▶ **TASK TO CARRY OUT**
Give again, word for word, every line below from the one that has "Number of permits" through the one that has "objective of test plan", both included, and no others.

** Opening PROVIDED MATERIAL block **

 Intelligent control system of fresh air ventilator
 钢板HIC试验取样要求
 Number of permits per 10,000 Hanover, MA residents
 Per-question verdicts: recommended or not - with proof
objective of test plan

** Closing PROVIDED MATERIAL block **
** Opening PROVIDED MATERIAL block **

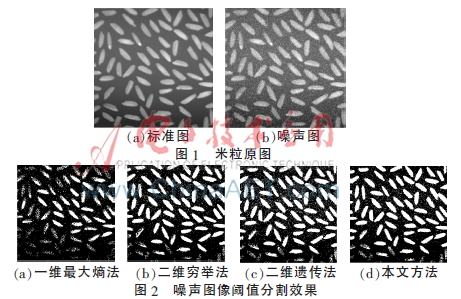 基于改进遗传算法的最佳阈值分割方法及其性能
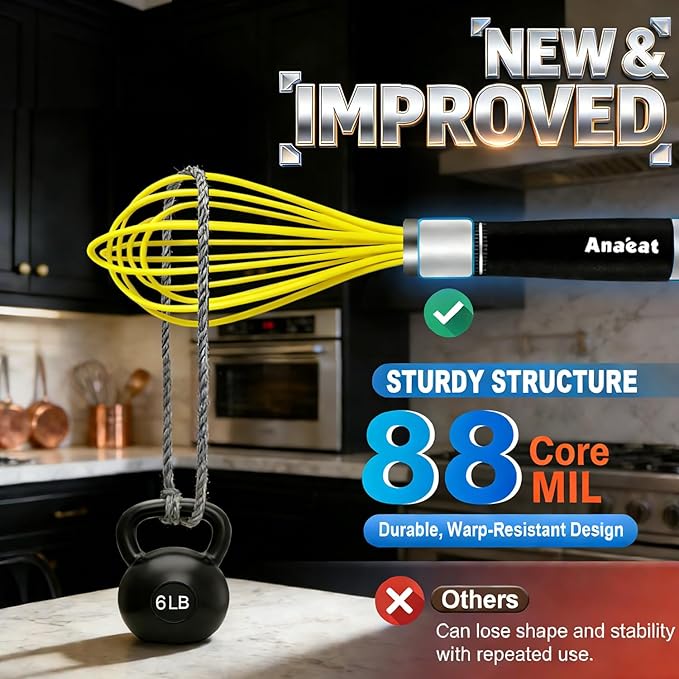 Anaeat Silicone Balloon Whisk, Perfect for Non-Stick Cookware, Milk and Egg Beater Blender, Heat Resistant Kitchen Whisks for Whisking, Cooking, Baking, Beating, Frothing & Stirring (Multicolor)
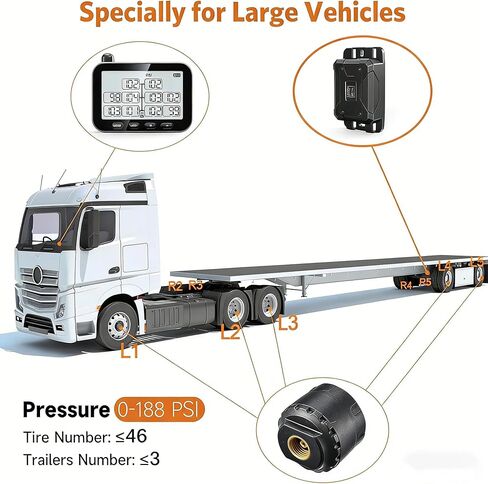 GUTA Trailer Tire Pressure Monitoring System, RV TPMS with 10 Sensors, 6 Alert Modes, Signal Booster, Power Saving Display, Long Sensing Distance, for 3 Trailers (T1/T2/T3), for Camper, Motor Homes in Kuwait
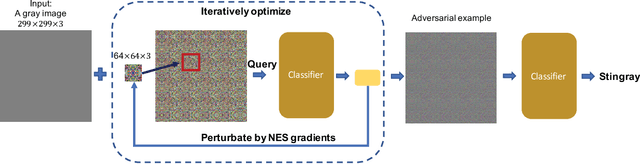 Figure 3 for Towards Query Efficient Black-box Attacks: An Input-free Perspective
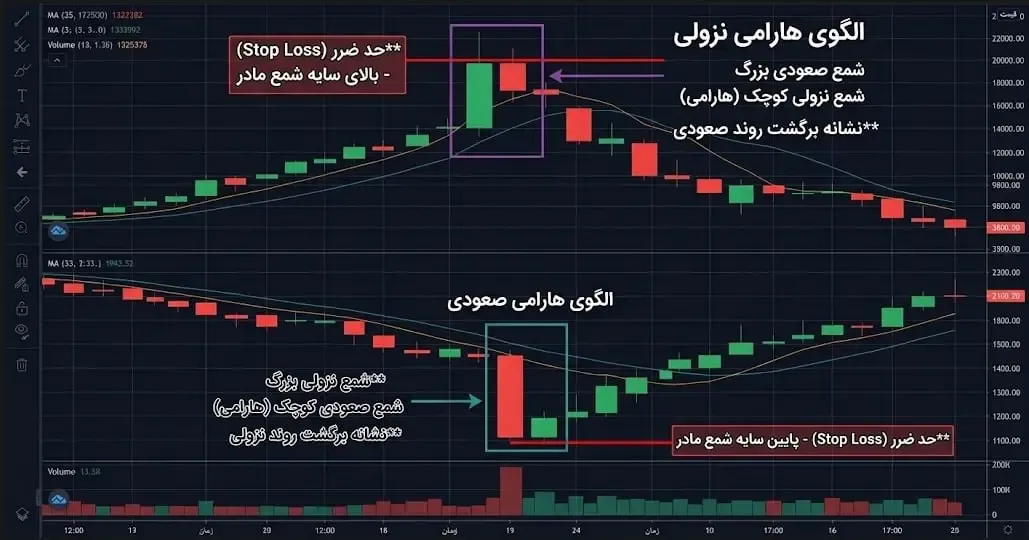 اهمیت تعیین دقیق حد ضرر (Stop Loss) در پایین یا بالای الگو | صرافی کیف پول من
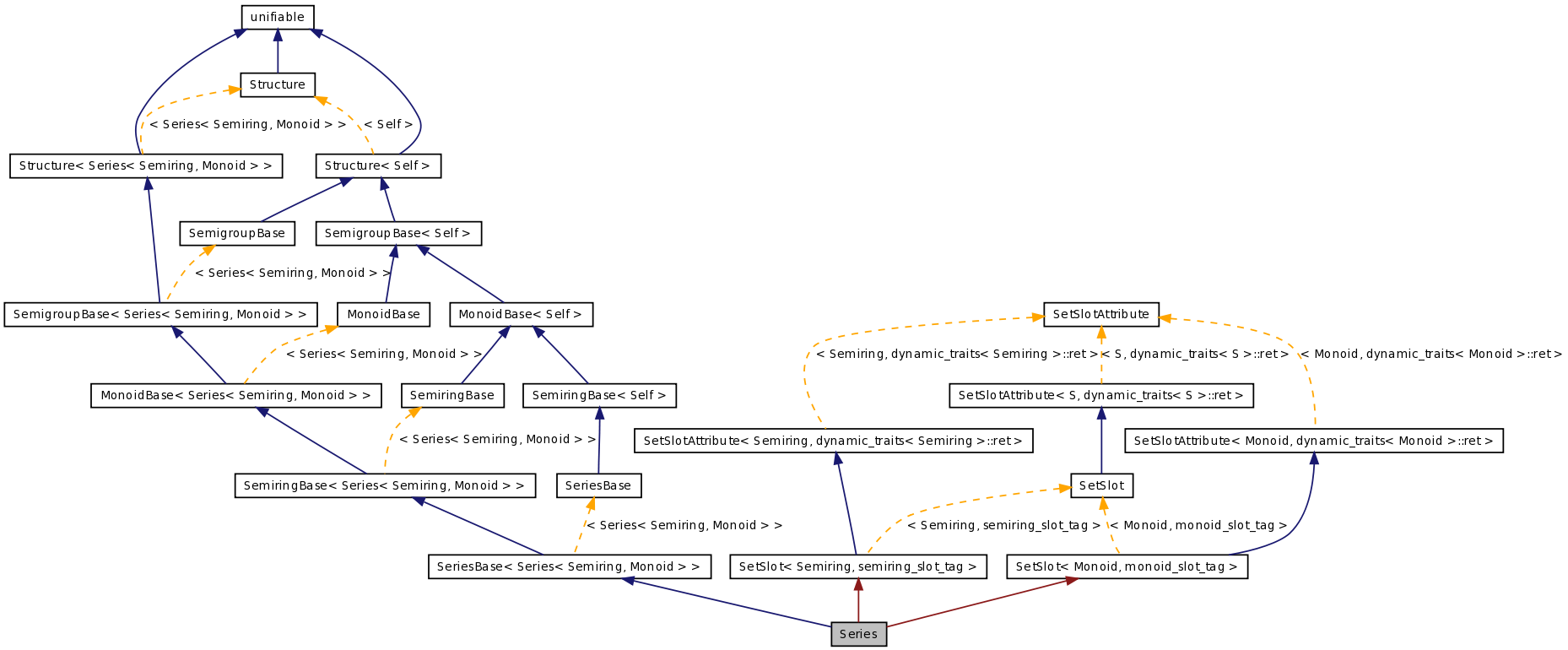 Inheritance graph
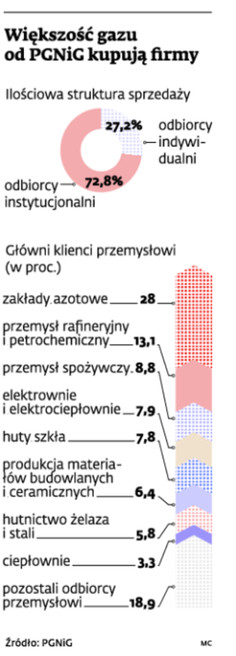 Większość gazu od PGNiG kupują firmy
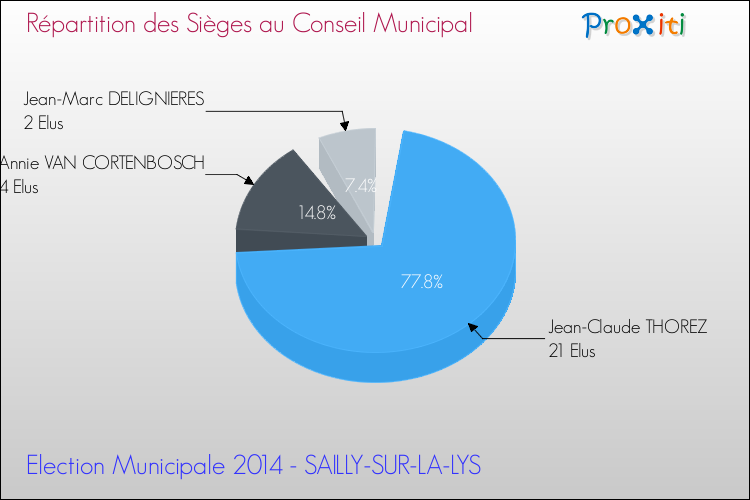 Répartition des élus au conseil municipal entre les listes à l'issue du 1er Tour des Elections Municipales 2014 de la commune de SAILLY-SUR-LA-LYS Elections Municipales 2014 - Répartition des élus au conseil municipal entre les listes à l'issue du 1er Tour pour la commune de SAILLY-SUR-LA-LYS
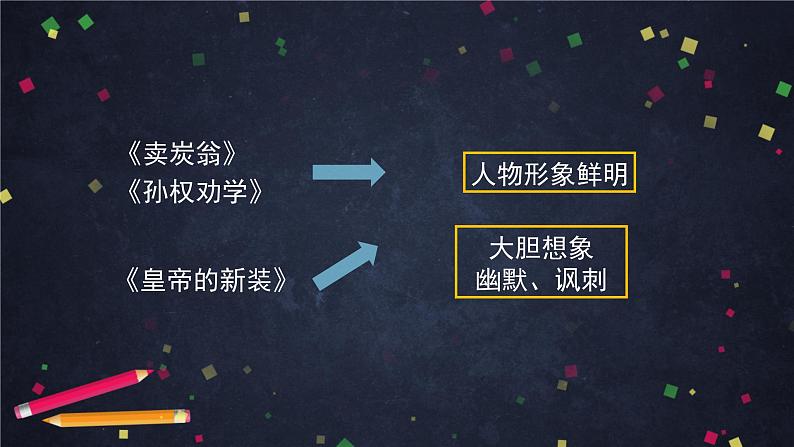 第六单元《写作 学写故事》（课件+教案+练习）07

** Closing PROVIDED MATERIAL block **

▶ **EXPECTED ANSWER**
 Number of permits per 10,000 Hanover, MA residents
 Per-question verdicts: recommended or not - with proof
objective of test plan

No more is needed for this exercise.